■ Activity
I need the lines below from the one with "Klassik Psixolanaliz va" down to the one with "Navy Diamond U-Shaped Arabian Majlis" reproduced exactly, both ends included, and nothing else.

■ Data supplied
######
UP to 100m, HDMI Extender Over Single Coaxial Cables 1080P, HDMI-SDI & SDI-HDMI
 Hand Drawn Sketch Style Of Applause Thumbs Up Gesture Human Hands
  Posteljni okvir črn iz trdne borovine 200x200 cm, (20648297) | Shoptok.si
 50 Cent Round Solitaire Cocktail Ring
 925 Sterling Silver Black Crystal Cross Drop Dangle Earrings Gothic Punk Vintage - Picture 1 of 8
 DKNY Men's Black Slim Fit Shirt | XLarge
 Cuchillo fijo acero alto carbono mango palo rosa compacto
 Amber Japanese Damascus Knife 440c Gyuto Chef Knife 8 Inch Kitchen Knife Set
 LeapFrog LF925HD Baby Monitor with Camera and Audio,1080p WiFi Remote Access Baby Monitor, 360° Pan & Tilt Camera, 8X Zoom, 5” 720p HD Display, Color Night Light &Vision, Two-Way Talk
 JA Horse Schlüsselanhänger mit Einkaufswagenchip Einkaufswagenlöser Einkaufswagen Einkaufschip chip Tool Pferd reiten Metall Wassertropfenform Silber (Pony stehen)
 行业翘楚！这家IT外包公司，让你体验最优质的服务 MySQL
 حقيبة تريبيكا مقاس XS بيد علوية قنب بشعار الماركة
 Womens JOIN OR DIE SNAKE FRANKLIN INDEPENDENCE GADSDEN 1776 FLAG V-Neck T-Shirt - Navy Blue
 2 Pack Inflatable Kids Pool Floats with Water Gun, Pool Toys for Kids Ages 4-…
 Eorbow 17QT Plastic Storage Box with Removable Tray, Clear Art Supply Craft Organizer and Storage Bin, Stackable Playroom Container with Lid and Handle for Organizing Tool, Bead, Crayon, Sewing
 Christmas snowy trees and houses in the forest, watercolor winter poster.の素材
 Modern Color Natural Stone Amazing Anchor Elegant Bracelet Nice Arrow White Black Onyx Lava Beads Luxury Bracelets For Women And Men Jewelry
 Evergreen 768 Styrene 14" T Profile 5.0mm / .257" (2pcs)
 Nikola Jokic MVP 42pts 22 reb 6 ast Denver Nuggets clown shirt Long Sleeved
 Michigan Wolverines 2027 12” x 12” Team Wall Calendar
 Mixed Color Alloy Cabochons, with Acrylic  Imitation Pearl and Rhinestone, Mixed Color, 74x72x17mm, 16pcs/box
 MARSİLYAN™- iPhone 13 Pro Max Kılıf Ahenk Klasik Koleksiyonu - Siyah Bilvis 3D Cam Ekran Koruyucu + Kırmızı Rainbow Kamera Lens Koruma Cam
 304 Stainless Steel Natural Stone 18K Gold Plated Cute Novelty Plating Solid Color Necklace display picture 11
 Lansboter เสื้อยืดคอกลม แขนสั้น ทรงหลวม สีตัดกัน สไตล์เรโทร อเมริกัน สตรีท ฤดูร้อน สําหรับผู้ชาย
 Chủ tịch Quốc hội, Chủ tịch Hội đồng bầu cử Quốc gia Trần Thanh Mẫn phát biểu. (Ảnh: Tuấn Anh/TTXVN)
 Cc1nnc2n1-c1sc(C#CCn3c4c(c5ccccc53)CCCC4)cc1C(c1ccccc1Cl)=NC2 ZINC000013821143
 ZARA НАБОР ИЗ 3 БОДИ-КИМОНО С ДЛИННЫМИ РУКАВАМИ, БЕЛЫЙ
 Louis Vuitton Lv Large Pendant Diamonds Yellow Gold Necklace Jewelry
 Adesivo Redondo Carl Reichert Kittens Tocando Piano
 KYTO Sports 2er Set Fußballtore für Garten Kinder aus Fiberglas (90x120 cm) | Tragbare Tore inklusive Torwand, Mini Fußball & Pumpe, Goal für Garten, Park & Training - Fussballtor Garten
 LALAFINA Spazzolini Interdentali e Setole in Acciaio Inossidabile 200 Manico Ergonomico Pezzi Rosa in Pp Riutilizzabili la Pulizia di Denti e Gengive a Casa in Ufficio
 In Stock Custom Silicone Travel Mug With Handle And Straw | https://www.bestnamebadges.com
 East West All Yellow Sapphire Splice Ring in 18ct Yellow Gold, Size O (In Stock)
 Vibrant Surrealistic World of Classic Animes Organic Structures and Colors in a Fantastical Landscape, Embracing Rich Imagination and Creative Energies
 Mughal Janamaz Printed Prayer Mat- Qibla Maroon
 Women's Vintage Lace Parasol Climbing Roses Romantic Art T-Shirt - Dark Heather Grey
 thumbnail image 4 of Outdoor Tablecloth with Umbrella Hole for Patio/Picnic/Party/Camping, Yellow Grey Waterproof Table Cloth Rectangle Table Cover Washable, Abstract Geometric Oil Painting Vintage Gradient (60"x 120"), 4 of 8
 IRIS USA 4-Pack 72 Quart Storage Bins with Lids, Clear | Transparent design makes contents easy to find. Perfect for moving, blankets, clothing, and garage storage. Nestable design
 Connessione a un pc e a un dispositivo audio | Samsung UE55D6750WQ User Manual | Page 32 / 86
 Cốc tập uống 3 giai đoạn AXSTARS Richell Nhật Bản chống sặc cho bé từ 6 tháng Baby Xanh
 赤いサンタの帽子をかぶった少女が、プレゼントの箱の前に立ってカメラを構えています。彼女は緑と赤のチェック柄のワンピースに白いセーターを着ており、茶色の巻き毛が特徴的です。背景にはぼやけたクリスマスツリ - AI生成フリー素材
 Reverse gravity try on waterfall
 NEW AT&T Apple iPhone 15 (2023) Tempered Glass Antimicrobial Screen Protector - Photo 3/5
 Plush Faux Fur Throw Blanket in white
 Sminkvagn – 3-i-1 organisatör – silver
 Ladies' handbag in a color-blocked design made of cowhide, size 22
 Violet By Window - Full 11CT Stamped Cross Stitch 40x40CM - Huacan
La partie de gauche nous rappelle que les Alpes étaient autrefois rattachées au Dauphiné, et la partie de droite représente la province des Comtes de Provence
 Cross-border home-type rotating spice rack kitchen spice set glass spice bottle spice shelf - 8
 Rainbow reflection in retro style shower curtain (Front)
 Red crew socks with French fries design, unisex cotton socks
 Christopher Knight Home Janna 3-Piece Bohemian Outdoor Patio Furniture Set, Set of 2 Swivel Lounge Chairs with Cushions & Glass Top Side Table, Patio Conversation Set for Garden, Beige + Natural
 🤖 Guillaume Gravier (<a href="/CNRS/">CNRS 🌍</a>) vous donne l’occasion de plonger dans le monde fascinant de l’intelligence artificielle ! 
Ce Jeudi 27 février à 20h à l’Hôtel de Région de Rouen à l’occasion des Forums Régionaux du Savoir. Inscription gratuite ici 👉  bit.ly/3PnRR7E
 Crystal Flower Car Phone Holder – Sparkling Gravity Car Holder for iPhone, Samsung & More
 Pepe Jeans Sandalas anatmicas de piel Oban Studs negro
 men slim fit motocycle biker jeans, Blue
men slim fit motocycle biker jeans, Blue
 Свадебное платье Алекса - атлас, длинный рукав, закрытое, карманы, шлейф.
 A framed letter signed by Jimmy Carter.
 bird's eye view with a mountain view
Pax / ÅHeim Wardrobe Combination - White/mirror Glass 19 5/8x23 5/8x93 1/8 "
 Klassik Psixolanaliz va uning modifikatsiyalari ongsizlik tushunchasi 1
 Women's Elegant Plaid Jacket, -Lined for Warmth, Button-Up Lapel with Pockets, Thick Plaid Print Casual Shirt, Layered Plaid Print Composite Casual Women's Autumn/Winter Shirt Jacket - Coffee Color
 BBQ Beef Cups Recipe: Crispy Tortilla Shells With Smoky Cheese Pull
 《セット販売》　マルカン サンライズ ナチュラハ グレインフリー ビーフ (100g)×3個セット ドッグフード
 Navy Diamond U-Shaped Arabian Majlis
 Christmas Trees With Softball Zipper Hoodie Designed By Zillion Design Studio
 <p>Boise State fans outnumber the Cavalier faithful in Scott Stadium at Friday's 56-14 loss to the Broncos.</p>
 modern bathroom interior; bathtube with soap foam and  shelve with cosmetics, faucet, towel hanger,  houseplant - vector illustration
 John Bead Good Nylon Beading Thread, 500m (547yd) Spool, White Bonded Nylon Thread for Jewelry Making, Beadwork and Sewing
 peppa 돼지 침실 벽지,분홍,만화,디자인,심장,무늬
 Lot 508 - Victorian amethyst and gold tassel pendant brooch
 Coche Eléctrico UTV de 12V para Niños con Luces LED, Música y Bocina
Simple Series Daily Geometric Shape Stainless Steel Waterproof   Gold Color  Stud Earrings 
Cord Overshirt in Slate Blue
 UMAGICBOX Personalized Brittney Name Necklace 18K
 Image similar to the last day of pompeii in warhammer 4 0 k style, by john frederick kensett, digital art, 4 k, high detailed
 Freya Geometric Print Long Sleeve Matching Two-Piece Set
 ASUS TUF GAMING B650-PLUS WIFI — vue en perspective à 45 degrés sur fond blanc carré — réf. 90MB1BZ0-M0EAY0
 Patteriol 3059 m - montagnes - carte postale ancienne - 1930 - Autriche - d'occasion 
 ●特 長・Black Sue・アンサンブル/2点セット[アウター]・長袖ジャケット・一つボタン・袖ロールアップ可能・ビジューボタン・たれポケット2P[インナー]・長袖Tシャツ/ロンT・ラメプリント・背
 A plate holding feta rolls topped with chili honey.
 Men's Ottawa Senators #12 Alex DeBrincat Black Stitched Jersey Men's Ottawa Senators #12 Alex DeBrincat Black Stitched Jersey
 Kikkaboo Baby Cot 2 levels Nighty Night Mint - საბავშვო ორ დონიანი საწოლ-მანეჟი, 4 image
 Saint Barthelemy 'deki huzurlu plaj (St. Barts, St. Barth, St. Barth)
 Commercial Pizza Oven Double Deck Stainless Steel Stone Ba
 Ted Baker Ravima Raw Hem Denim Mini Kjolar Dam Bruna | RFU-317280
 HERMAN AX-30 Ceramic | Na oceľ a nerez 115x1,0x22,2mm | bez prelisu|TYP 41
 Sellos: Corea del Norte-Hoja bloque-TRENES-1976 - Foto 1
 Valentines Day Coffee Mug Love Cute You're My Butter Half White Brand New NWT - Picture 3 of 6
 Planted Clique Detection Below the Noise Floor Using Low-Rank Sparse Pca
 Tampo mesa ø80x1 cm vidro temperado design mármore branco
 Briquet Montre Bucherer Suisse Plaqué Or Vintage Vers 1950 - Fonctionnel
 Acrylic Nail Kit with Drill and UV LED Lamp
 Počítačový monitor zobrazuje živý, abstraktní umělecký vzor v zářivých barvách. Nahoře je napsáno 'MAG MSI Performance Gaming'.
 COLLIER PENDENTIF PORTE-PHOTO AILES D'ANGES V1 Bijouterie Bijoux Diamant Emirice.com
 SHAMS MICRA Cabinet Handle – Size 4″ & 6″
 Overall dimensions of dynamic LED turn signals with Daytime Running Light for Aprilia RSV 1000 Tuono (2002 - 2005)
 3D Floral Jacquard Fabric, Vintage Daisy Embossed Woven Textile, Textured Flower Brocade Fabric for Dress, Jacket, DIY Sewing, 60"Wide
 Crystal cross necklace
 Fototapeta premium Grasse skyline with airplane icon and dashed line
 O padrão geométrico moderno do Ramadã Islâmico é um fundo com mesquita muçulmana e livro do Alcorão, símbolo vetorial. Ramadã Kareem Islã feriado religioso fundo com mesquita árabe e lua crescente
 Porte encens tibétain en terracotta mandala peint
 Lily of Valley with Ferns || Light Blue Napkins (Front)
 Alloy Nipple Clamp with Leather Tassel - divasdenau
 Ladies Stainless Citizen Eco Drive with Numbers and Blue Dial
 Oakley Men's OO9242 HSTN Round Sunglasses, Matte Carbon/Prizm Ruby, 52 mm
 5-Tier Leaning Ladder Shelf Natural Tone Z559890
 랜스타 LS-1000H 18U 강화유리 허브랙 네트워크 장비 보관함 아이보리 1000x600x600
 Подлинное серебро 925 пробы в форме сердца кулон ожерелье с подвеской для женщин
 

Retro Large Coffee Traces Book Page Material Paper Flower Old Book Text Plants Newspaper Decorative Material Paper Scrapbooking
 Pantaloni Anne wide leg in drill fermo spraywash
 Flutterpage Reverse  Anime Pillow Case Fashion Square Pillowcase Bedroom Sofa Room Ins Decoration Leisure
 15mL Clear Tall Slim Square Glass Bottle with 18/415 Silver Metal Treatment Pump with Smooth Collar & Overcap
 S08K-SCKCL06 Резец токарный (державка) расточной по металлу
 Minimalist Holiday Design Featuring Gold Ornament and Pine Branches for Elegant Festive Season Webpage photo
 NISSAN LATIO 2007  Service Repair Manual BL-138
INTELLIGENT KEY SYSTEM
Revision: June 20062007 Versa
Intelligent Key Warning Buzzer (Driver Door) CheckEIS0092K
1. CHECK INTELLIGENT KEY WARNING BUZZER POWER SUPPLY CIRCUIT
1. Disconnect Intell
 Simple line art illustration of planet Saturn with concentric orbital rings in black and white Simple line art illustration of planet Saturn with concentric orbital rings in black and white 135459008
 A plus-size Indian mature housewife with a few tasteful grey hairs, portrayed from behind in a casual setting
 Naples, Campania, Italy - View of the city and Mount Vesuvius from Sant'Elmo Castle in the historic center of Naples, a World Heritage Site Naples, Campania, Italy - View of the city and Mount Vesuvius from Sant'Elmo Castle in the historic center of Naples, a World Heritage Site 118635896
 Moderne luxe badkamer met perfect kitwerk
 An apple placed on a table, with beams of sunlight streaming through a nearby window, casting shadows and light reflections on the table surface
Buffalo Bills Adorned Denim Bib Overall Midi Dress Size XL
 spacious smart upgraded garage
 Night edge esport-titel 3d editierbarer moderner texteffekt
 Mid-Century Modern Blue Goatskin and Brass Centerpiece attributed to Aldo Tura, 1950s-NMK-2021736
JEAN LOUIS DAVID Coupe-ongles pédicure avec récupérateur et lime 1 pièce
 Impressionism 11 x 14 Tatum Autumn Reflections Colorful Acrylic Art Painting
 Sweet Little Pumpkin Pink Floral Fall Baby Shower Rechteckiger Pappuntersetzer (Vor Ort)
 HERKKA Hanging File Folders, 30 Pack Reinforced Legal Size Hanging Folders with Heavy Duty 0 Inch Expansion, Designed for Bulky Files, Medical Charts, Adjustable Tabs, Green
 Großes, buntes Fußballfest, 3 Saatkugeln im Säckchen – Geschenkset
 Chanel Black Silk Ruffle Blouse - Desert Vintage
######
■ Finished exercise
 Klassik Psixolanaliz va uning modifikatsiyalari ongsizlik tushunchasi 1
 Women's Elegant Plaid Jacket, -Lined for Warmth, Button-Up Lapel with Pockets, Thick Plaid Print Casual Shirt, Layered Plaid Print Composite Casual Women's Autumn/Winter Shirt Jacket - Coffee Color
 BBQ Beef Cups Recipe: Crispy Tortilla Shells With Smoky Cheese Pull
 《セット販売》　マルカン サンライズ ナチュラハ グレインフリー ビーフ (100g)×3個セット ドッグフード
 Navy Diamond U-Shaped Arabian Majlis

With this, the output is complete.